OPEC+ Set To Stick To Plan To Ease Oil Production Cuts

The OPEC+ alliance is widely expected to keep their current plans of easing the collective oil production cuts as the group gathers for its monthly meeting today.

OPEC+ decided in the middle of July that it would start returning 400,000 bpd to the market every month beginning in August until it unwinds all the 5.8 million bpd cuts. The group agreed to extend the existing deal from April 2020 through the end of December 2022.

Today’s meeting comes with Brent Crude prices close to $80 a barrel and an expected rise in demand because of gas-to-oil switching in the winter. On the other hand, the Delta variant still poses downside risks to global oil demand in the coming months.

As the ministers of the OPEC+ group were preparing to begin their monthly meeting via video conference at 1 p.m. GMT, media reports started trickling about the sentiment among delegates.

Most reports point to OPEC+ keeping the earlier plans, with cuts eased by no more than 400,000 bpd per month for November and December.
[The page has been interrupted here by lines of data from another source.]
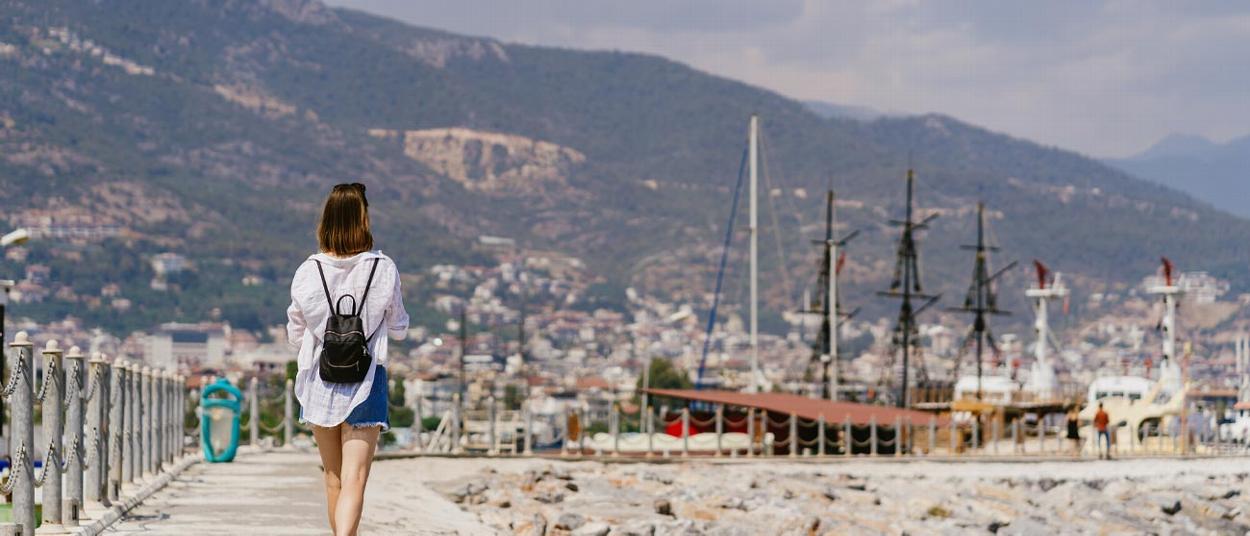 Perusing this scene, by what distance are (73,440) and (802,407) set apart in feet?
99.3

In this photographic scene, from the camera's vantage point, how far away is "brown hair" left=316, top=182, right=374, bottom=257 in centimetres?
882

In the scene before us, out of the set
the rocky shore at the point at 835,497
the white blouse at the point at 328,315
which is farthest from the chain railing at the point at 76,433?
the rocky shore at the point at 835,497

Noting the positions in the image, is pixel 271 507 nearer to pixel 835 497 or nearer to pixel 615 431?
pixel 835 497

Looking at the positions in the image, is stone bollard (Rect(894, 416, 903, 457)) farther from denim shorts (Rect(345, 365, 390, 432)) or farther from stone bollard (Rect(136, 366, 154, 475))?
denim shorts (Rect(345, 365, 390, 432))

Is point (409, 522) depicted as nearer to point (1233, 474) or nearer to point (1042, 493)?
point (1042, 493)

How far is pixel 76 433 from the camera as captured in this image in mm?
12242

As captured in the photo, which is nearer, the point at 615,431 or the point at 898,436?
the point at 615,431

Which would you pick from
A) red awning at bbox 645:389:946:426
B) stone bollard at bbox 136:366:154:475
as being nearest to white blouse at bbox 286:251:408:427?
stone bollard at bbox 136:366:154:475

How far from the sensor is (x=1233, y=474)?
122ft

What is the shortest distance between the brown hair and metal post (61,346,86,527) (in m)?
3.66

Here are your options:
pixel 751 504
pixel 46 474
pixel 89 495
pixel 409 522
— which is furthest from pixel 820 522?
pixel 46 474

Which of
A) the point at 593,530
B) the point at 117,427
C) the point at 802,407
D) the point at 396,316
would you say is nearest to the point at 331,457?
the point at 396,316

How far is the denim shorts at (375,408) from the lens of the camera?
8750 mm

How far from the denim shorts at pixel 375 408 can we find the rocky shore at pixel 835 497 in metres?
8.39
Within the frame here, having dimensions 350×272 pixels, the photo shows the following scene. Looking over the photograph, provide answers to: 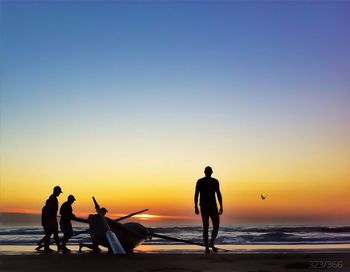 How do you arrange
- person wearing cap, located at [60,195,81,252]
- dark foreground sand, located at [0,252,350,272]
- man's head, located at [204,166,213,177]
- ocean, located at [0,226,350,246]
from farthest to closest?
1. ocean, located at [0,226,350,246]
2. person wearing cap, located at [60,195,81,252]
3. man's head, located at [204,166,213,177]
4. dark foreground sand, located at [0,252,350,272]

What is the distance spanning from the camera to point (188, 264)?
775 centimetres

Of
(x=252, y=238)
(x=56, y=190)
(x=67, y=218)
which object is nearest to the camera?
(x=56, y=190)

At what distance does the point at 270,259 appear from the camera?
840 centimetres

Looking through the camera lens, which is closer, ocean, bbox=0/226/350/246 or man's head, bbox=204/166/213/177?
man's head, bbox=204/166/213/177

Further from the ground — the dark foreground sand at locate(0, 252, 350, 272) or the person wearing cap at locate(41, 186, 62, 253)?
the person wearing cap at locate(41, 186, 62, 253)

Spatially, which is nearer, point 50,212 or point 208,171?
point 208,171

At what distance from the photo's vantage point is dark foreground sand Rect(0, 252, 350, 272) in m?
7.14

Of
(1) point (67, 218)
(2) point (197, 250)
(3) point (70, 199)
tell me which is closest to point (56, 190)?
(3) point (70, 199)

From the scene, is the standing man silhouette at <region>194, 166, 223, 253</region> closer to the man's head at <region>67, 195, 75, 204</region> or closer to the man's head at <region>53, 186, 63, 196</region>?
the man's head at <region>53, 186, 63, 196</region>

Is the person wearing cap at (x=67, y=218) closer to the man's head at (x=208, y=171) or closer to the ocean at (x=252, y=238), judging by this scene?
the man's head at (x=208, y=171)

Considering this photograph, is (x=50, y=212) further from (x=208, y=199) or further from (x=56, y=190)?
(x=208, y=199)

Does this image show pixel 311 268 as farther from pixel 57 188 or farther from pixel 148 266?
pixel 57 188

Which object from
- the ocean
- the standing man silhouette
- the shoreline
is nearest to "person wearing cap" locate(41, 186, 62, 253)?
the shoreline


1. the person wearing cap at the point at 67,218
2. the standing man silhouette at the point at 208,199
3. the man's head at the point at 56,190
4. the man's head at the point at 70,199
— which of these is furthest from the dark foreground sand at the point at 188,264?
the man's head at the point at 70,199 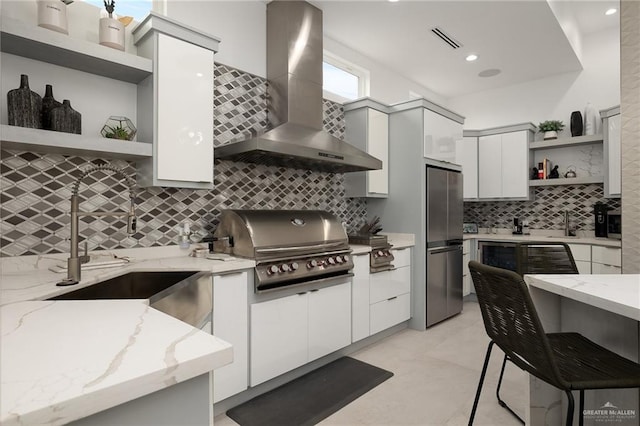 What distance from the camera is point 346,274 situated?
9.51 ft

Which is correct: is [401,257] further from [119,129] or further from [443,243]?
[119,129]

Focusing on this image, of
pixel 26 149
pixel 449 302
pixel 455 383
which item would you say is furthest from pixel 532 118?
pixel 26 149

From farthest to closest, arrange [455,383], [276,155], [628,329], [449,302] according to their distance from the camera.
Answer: [449,302] → [276,155] → [455,383] → [628,329]

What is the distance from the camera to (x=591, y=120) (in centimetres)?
437

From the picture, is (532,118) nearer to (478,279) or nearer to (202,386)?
(478,279)

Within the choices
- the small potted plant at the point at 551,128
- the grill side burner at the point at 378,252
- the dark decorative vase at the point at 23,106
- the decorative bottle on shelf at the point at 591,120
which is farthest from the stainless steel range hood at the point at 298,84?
the decorative bottle on shelf at the point at 591,120

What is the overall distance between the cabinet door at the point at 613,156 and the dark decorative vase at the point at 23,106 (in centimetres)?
528

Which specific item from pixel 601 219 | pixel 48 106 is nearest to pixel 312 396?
pixel 48 106

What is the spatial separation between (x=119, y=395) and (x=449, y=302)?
398 cm

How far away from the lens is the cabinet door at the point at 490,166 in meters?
4.97

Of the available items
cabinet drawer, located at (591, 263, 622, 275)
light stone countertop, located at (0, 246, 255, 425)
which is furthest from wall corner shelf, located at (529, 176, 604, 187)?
light stone countertop, located at (0, 246, 255, 425)

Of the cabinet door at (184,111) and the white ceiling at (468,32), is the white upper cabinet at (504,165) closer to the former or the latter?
the white ceiling at (468,32)

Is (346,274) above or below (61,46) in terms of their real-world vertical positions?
below

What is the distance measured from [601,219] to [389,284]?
2935mm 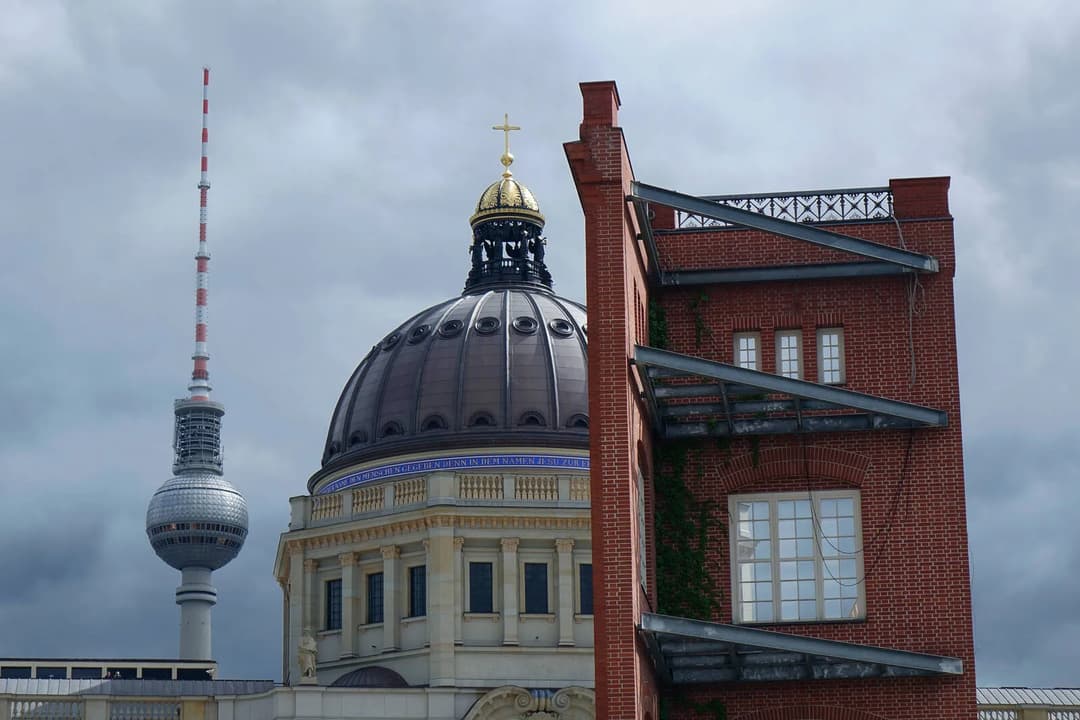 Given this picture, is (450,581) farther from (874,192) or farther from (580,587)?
(874,192)

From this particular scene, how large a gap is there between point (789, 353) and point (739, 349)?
871 mm

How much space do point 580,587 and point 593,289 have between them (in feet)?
175

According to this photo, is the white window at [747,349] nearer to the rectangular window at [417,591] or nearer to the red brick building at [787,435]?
the red brick building at [787,435]

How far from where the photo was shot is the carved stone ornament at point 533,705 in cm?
8900

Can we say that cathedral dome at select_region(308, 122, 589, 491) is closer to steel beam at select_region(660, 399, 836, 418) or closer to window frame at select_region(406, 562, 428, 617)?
window frame at select_region(406, 562, 428, 617)

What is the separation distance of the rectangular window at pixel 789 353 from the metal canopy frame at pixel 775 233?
1.04m

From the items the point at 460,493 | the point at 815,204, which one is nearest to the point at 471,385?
the point at 460,493

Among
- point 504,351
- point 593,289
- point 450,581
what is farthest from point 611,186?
point 504,351

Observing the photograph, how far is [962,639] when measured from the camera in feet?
142

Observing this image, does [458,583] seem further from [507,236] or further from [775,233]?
[775,233]

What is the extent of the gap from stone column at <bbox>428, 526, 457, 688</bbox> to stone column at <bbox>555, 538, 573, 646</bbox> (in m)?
3.75

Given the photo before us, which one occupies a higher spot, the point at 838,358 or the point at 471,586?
the point at 471,586

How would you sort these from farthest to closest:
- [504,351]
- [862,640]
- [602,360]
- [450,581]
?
[504,351] < [450,581] < [862,640] < [602,360]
One option is to ease the cuts by 400,000 bpd in November, while another would be to increase production by 800,000 bpd in November but not to raise output in December, according to Amena Bakr, Deputy Bureau Chief and Chief Opec Correspondent at Energy Intelligence.

Earlier today, three sources at OPEC+ told Reuters that the group were likely to keep the 400,000-bpd monthly increase for November, in view of still uncertain developments of COVID around the world.

“There are calls for more of a production increase by OPEC+,” one of Reuters’ sources said.

“We are scared of the fourth wave of corona, no one wants to make any big moves,” the source added.

Russian President Vladimir Putin hasn’t had any contacts with OPEC countries ahead of today’s meeting, as all the work is being done by Deputy Prime Minister Alexander Novak, Kremlin spokesman Dmitry Peskov said on Monday.

“Traditionally we would not like to prejudge any outcome of such a meeting,” Peskov said, as carried by Russian news agency TASS.